Les marques qui viennent vous voir le font-elles par conviction ou pour des enjeux business ?
A. H. : Les jeunes générations les boycottent, leurs actionnaires leur mettent la pression… Certaines le font donc par intérêt économique et marketing. Elles ont conscience d'avoir une image qui n'est pas suffisamment Diversity, Equality and Inclusion. Ils voient dans une collaboration avec les artistes de notre agence une façon plus simple et plus rapide de faire un premier pas. Elles souhaitent capitaliser sur l'artiste, le mettre en avant dans une future campagne de communication. Nous ne sommes pas dupes. Les artistes non plus. Mais ce qui compte, c'est qu'on donne de la visibilité à des artistes sous-représentés. C'est une situation win-win. Et puis, il y a des marques qui sont fondamentalement éthiques et réellement engagées dans cette démarche. C'est important pour elles de supporter des artistes et des compositeurs sous-représentés. Plus les marques donneront de la visibilité aux différentes communautés, plus la société changera. Si chacun met sa pierre à l'édifice, le club des Frat Boys devra s'ouvrir.
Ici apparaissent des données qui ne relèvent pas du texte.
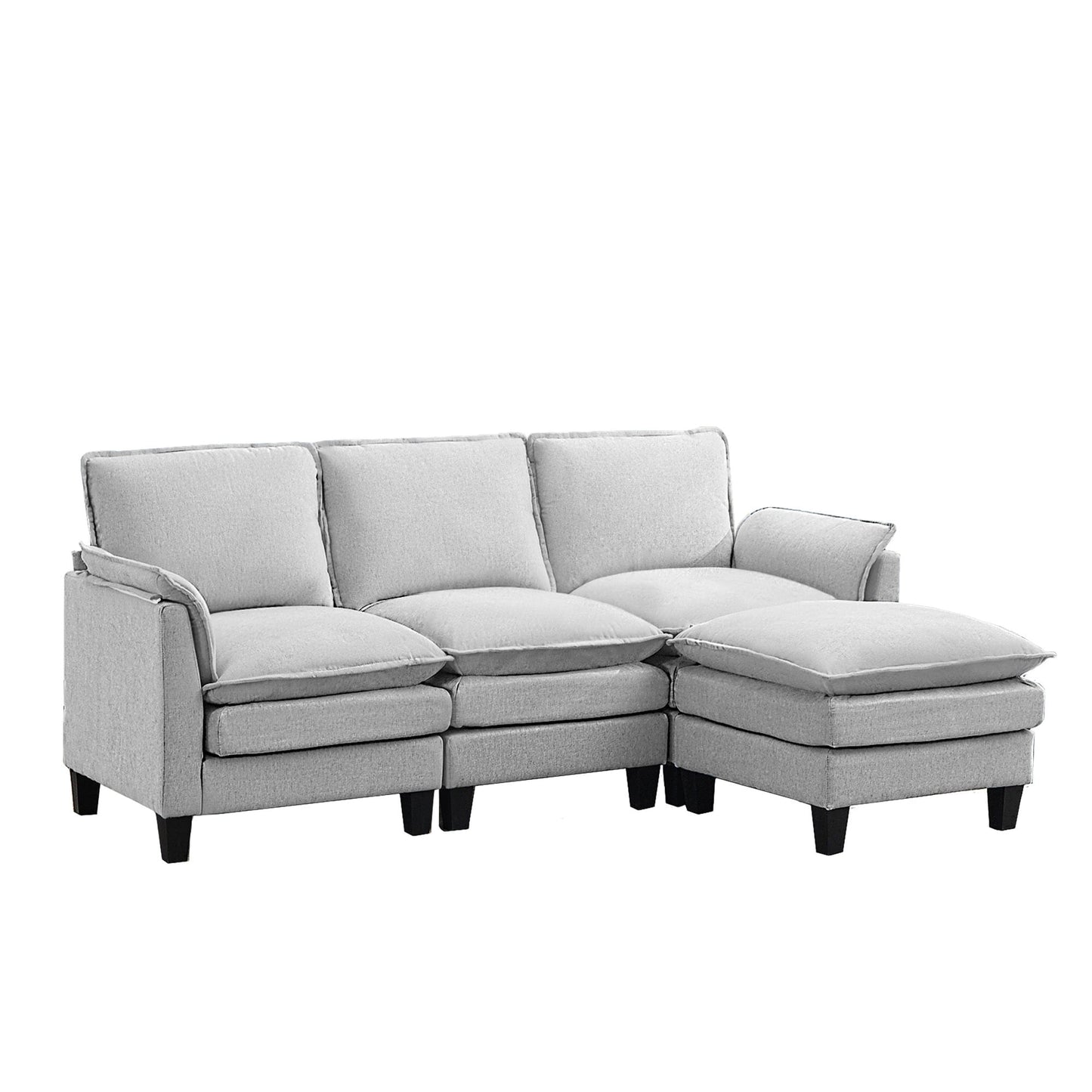 Divano di lusso a 3 posti e poggiapiedi: comfort ultra-morbido e multi-stanza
Certains artistes refusent de s'associer avec des marques qui ne représentent pas leur valeur ?
A. H. : On le voit avec certains rappeurs par exemple. Certaines marques veulent ajouter une petite touche de coolitude à leur image. La vraie question est de savoir si ça colle avec le message qu'elles veulent délivrer, et avec leur target audience. Mais l'inverse est aussi vrai. Il est fondamental que les artistes travaillent avec des marques qu'ils aiment et avec lesquelles ils sont alignés. Il en va de leur crédibilité. Ça permet d'être beaucoup plus créatif et impactant. C'est une collaboration étroite. Beaucoup d'artistes se renseignent sur la marque. Où sont fabriqués les produits ? Sont-elles écoresponsables ? S'ils sont fiers de représenter une marque et ses valeurs, ils en parlent à leur communauté sur les réseaux sociaux. C'est un cercle vertueux.
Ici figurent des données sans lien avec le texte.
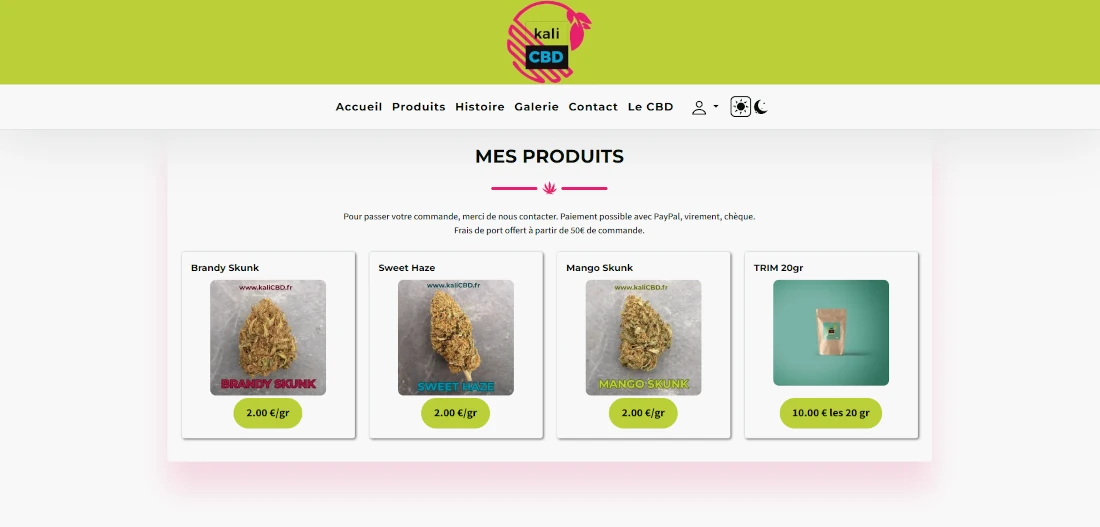 Aperçu du site Kalicbd en mode clair
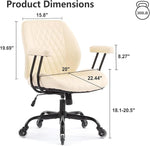 Load image into Gallery viewer, YFO Home Office Desk Chair Office Rubber Casters Ergonomic Computer Chair with Lumbar Support Adjustable Height Rolling Swivel Executive Task Armrests Chair， Cream Leather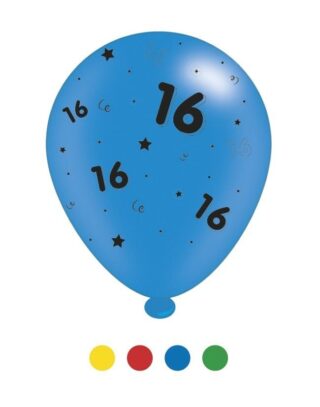 Age 16 Unisex Birthday Latex Balloons x 6 pks of 8 balloons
Au-delà, les marques qui misent sur la notoriété ne prennent-elles pas le risque de s'effacer derrière l'image de l'artiste ?
A. H. : Tout à fait. On va dire : « c'est la pub avec la chanson de Dua Lipa » sans se souvenir du produit. Le risque est de ne pas être identifié. Sur les 30 dernières années, le morceau Happy Together des Turles doit avoir le palmarès de la chanson la plus utilisée dans la pub. Les gens connaissent et aiment le morceau. Le message est facilement compréhensible. Mais sert-il la marque ? Pour impacter, une identité doit être unique.
Parmi vos piliers, l'innovation technologique, pourquoi ?
A. H. : Depuis trois ans, nous avons un partenariat axé sur l'IA et le branding sonore avec l'Université de Sheffield. Nous travaillons sur les manières dont l'innovation technologique peut servir l'univers de l'identité sonore. Beaucoup s'inquiètent que l'intelligence artificielle remplace les compositeurs. De notre côté, nous partons du principe que l'IA peut aider, si et seulement si, elle est guidée humainement. L'idée créative viendra toujours de l'humain. Nous envisageons la technologie comme libératrice de la créativité. On parle d'intelligence artificielle, mais de quelle intelligence parle-t-on ? Il y a différentes formes d'intelligence. L'intelligence émotionnelle ne peut pas être remplacée par une machine. La technologie augmente les possibilités, ouvre le champ des possibles et permet aux artistes de se focaliser sur la composition et in fine sur la human touch.